Les Invisibles, BFI Player, Amazon Prime

When lesbian, gay and bisexual identities are recognised by many people only in the context of sex, and when older people are perceived as less sexual beings, it can become difficult to express who one is in old age. For this film, Sébastien Lifshitz interviewed 11 French people over 70 about identity, relationships, the impact of living through changing times and the minutiae of their day to day lives. The result is an affecting series of portraits with a determinedly upbeat tone but with some really bleak stories along the way, reflecting on small moments that brought joy and the tremendous pressure of living in a society that sought to deny them. It’s a history lesson with an intensely human core.

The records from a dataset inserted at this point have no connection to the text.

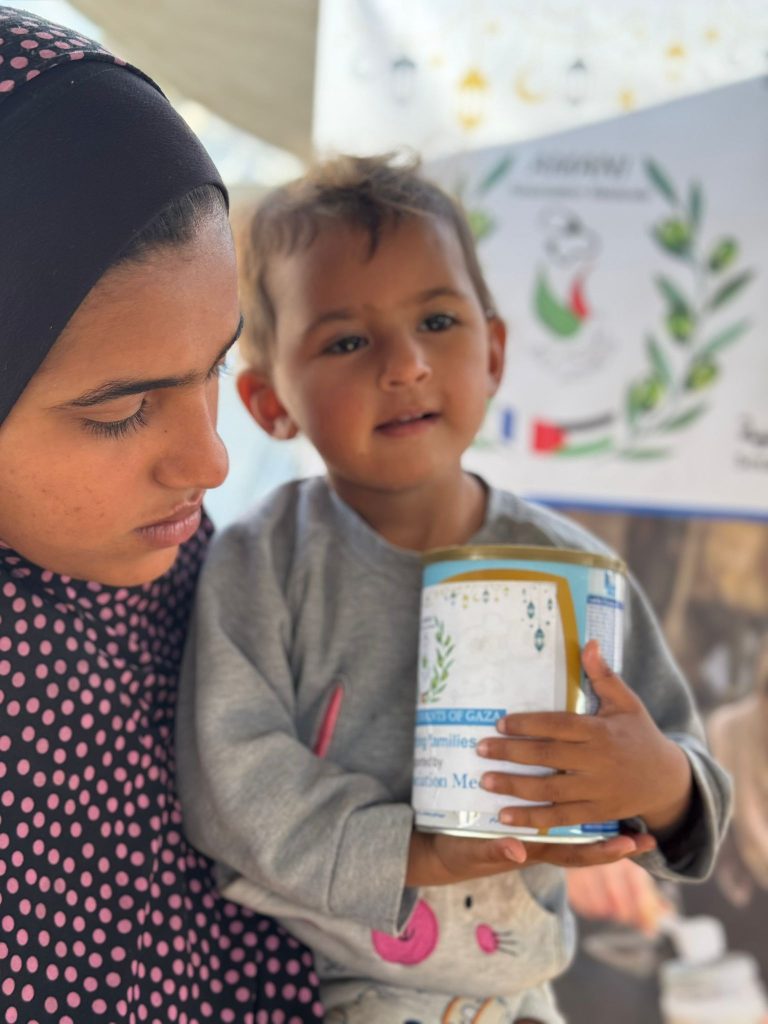 Association Amani - Urgence Gaza : Distribution de lait infantile - 2026 03 04 distribution lait infantile gaza 10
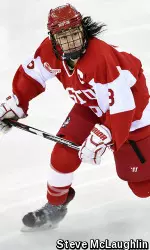 Senior captain Kayla Tutino will play in her final regular-season home game on Friday night.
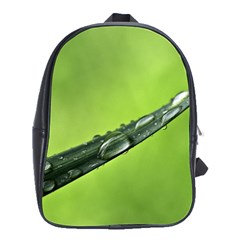 Green Drops School Bag (large) by Siebenhuehner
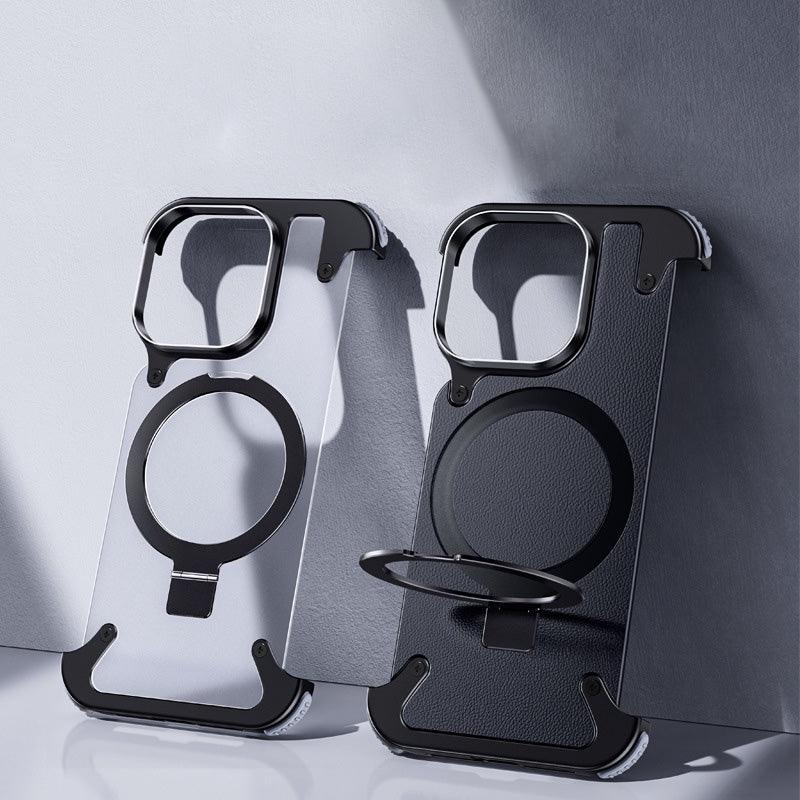 Magnetic Metal Anti-Fall Protective iPhone Case - clarioy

Chemsex, BFI Player, Amazon Prime

There’s always a danger than in telling LGBTI stories, we try to sanitise them, either because they are to some degree our own or because we want to make redress for all he ugly prejudice and propaganda of the past. This can not only distort history – it can lead to the stories of those deemed less ‘respectable’ getting lost altogether. William Fairman and Max Gogarty’s Chemsex tries to look at one aspect of gay life as it is, holding nothing back. It’s not for the squeamish, but it’s a powerful piece of work, capturing something of the allure of this world (whether or not you’re attracted to men yourself) at the same time as telling stories of addiction, desperation and despair. in picking apart this difficult subject, it stands out as one of those rare films that really does raise awareness and invite people who are pat of that scene themselves to re-evaluate it.

The Children's Hour
The Children's Hour

The Children's Hour, Chili, Amazon Prime

Some LGBTI films don’t just record history – they make it. This is the case with William Wyler’s The Children’s Hour, which broke new ground in 1961 by addressing lesbianism despite the chilling effect of the Hays Code. Shirley MacLaine plays a teacher in love with her colleague (Audrey Hepburn) but unable to express it, trapped as a result of malicious allegations by a resentful pupil. Despite the fact that her love goes unrequited and the ending is tragic, it makes a powerful statement by presenting her in the mode of other unhappy women with whom the audiences of the time had learned to sympathise, and the fact that Hepburn’s character also regards her with concern rather than disgust helped to change public attitudes to lesbian and bisexual women, as well as contributing to the demise of the code.


Victim, BFI Player, Amazon Prime

Whilst The Children’s Hour provided a powerful voice for women in the US, Victim was doing the same for men in the UK. It starred Dirk Bogarde – a huge star at the time, taking a big career risk – as a married man who was always been attracted to other men but has hidden from it in shame. When he uncovers a blackmail ring taking advantage of the criminal status of gay sex, he becomes determined to root out and expose the corruption stemming from it, leading to a dramatic courtroom showdown – not to mention some very difficult conversations with his wife. The film made a powerful contribution to persuading MPs to vote for decriminalisation in 1967, beginning a process that would change hundreds of thousands of lives.

Dancing In Dulais

Have you seen Matthew Warchus’ feelgood 2014 hit Pride? This is the short film on which it was based, recorded live during the miners’ strikes in the Eighties, showing the LGBTI community in solidarity with others.